Risk management has become a crucial and continuous enabler of sustainability strategies - Marsh
On the whole, commitments by European corporates to improve their ESG standards have not waivered, despite the knock-on impacts from the Ukraine-Russia crisis coming so soon after the pandemic lockdowns.
This is according to experts from Marsh, speaking during a media briefing on the risks accelerating the European ESG agenda.
“It reinforces the fact that ESG frameworks and procedures are informing decision-making in real time,” said Amy Barnes, head of climate and sustainability strategy.
Large and complex multinationals are well resourced and increasingly pushing ESG priorities down the supply chain, she said, noting how quickly companies had pulled out of Russia upon the introduction of sanctions.
Nevertheless, supply chain disruptions and commodity price volatility is having a profound impact, according to Bruno Dotti, enterprise risk services and ESG practice leader for Continental Europe at Marsh.

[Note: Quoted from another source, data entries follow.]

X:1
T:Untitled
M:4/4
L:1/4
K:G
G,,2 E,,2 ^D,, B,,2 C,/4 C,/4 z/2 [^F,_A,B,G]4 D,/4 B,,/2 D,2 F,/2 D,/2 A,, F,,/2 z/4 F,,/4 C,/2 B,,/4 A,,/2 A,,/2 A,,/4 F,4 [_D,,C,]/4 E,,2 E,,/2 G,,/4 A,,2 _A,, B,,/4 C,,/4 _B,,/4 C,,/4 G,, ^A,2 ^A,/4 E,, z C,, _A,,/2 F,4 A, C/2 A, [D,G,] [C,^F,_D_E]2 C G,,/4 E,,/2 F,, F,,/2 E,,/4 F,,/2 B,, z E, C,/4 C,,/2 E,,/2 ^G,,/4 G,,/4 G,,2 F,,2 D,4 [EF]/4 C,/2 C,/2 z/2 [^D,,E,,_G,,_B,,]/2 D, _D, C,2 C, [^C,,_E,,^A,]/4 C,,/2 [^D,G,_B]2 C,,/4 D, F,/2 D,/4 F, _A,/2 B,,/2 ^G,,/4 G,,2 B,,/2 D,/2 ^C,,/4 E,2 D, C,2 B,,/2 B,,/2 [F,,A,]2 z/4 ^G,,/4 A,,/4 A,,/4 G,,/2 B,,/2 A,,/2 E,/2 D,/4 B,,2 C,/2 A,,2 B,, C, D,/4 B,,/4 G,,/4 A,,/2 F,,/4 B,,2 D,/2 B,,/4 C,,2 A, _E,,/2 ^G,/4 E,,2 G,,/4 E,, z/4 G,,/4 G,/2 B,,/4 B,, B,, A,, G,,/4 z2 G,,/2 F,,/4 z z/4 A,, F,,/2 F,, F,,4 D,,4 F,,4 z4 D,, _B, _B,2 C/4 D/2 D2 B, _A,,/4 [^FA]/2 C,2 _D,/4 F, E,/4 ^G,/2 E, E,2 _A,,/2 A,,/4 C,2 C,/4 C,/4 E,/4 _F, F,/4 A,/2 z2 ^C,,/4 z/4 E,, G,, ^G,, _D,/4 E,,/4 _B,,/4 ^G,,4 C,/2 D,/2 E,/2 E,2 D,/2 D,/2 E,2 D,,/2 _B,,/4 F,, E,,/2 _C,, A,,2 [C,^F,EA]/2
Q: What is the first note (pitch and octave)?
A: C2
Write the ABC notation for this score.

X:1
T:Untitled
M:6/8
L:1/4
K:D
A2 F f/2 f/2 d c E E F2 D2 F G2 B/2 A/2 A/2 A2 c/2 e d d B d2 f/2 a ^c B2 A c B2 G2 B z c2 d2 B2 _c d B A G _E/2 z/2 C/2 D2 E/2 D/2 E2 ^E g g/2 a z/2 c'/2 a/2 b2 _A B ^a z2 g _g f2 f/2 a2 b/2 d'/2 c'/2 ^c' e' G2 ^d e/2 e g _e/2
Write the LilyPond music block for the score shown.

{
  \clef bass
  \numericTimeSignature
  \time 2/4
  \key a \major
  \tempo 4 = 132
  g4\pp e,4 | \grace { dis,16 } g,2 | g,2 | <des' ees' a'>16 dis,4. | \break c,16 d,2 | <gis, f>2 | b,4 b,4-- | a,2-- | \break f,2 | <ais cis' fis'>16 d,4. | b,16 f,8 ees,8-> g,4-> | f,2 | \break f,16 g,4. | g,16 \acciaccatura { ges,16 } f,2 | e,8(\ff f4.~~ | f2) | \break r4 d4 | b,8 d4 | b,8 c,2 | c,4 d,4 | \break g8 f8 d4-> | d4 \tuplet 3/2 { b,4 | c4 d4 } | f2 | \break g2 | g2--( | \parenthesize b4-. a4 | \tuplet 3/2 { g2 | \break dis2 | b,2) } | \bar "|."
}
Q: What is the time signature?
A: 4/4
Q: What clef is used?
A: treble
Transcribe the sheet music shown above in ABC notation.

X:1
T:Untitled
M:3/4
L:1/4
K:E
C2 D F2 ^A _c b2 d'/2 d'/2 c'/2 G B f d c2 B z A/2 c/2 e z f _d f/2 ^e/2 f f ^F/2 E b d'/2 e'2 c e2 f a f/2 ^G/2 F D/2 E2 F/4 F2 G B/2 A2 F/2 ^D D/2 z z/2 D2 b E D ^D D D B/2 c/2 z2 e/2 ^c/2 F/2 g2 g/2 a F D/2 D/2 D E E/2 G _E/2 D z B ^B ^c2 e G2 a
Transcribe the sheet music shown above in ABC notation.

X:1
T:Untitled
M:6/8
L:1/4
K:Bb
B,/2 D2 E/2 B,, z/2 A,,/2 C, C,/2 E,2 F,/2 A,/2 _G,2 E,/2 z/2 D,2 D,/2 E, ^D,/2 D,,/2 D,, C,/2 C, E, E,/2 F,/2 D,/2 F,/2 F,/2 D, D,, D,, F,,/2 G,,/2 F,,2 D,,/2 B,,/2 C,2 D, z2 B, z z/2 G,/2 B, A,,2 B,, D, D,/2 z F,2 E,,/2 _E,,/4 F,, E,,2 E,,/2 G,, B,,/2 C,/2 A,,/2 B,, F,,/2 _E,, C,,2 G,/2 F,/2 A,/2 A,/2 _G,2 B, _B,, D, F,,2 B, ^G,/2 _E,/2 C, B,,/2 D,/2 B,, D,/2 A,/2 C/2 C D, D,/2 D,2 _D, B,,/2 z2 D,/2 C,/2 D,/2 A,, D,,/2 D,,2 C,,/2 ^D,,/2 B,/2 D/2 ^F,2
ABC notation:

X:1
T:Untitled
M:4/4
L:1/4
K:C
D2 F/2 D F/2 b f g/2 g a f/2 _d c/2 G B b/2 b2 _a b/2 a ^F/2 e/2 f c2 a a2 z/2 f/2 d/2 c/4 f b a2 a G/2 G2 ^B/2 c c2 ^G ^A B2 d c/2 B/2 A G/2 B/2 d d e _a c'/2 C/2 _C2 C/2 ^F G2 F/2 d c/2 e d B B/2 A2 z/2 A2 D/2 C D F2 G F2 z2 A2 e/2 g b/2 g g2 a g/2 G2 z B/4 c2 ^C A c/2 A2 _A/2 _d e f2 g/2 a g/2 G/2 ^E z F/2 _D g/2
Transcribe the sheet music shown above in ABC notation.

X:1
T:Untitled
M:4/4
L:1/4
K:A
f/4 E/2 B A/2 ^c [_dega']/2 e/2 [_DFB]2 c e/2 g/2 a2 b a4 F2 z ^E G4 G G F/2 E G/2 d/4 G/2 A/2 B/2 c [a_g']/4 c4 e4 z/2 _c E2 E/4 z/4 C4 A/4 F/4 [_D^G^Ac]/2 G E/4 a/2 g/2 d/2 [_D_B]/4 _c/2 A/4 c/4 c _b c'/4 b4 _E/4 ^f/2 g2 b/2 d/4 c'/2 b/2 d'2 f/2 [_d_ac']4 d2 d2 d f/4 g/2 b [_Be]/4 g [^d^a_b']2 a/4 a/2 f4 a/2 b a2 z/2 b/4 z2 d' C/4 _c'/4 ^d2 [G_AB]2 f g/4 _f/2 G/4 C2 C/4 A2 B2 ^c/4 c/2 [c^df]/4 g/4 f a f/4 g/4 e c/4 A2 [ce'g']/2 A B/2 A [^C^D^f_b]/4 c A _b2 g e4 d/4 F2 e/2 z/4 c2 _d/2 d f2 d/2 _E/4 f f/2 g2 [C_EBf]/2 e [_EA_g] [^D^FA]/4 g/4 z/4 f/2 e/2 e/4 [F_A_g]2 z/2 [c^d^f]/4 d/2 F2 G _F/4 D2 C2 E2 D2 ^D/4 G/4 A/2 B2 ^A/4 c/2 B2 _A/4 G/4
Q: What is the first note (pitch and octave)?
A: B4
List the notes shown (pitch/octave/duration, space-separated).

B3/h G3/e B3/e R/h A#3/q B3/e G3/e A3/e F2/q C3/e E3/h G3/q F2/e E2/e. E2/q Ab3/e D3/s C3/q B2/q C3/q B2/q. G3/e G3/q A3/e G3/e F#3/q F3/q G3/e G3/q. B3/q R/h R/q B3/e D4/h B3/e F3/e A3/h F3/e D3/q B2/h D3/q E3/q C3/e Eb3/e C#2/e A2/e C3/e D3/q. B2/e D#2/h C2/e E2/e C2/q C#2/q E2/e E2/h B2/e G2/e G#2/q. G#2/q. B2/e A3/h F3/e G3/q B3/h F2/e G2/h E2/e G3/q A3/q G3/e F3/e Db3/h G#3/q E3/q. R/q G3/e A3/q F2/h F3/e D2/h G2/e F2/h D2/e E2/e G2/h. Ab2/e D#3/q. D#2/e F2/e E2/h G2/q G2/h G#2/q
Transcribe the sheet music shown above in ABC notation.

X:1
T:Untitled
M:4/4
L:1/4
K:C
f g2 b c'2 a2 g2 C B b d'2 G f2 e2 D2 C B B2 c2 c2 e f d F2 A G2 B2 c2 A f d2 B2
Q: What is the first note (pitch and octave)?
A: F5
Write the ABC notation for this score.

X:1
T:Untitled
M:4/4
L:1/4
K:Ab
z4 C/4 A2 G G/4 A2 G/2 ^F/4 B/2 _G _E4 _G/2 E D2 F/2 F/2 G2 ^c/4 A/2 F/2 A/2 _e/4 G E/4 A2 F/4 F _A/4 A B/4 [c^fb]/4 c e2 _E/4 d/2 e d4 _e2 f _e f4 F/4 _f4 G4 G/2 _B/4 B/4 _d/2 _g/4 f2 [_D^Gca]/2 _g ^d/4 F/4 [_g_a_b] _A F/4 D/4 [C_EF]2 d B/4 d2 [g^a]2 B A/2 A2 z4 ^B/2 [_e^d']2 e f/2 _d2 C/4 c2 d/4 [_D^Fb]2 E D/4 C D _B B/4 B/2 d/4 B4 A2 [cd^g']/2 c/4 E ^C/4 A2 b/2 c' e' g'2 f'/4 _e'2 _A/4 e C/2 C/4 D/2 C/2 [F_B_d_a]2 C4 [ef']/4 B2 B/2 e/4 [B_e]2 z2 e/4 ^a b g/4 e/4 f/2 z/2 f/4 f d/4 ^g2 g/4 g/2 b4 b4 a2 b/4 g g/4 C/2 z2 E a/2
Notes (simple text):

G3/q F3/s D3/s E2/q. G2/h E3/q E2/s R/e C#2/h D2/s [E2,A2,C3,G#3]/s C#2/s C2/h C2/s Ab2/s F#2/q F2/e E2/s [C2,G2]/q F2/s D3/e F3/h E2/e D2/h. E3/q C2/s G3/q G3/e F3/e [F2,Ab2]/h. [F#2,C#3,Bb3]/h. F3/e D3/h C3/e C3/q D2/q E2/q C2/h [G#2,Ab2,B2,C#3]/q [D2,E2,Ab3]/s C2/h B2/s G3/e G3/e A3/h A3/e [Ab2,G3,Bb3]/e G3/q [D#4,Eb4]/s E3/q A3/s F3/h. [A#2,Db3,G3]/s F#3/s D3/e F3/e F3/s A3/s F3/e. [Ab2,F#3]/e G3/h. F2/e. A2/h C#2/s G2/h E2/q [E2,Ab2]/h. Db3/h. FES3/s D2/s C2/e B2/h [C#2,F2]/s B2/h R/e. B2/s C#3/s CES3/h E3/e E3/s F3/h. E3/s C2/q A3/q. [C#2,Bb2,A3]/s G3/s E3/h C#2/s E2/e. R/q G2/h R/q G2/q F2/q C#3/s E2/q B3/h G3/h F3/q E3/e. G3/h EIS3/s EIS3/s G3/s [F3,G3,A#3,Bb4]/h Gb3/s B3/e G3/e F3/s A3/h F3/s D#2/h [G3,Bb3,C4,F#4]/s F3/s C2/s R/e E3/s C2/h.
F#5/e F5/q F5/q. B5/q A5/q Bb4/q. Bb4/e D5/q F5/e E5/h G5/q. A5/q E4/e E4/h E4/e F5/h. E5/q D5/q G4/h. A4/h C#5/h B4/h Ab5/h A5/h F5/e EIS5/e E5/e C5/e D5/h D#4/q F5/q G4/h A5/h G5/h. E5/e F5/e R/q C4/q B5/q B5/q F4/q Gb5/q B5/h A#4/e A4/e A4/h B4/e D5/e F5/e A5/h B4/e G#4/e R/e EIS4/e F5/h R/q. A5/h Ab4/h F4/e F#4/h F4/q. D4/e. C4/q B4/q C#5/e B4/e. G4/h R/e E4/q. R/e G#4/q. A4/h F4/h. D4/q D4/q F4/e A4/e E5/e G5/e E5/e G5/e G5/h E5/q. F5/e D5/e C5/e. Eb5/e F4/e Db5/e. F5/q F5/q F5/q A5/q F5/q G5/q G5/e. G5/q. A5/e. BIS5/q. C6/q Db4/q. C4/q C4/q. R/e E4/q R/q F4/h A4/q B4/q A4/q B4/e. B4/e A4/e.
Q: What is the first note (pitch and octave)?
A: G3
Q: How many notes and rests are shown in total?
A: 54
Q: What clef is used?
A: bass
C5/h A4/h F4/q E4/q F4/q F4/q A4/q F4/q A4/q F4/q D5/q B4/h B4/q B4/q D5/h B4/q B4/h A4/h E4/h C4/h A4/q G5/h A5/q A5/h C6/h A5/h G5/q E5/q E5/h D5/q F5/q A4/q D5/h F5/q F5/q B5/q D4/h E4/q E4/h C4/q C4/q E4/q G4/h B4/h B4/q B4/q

Some smaller food and beverage producers have slowed or even ceased production, due to the rising cost of raw materials and diminishing levels of profitability. For some clients, solvency is a risk.
“The current crisis is putting pressure on supply chains and there is increasing concern about the availability of wheat, fertiliser, maize and timber,” he said.
Sustainable supply chains
In order to navigate the disruption that will continue for some time, Dotti said Marsh was advising clients to accept a bit less margin in the short term in order to build more stability into their operations.
Alternative sourcing, re-shoring, maintaining larger stockpiles of raw materials all come with a cost, but help generate resilience against further disruptions.
Two years on from the start of the global pandemic, Russia’s invasion of Ukraine has again reminded corporates of the importance of risk management in navigating global shocks.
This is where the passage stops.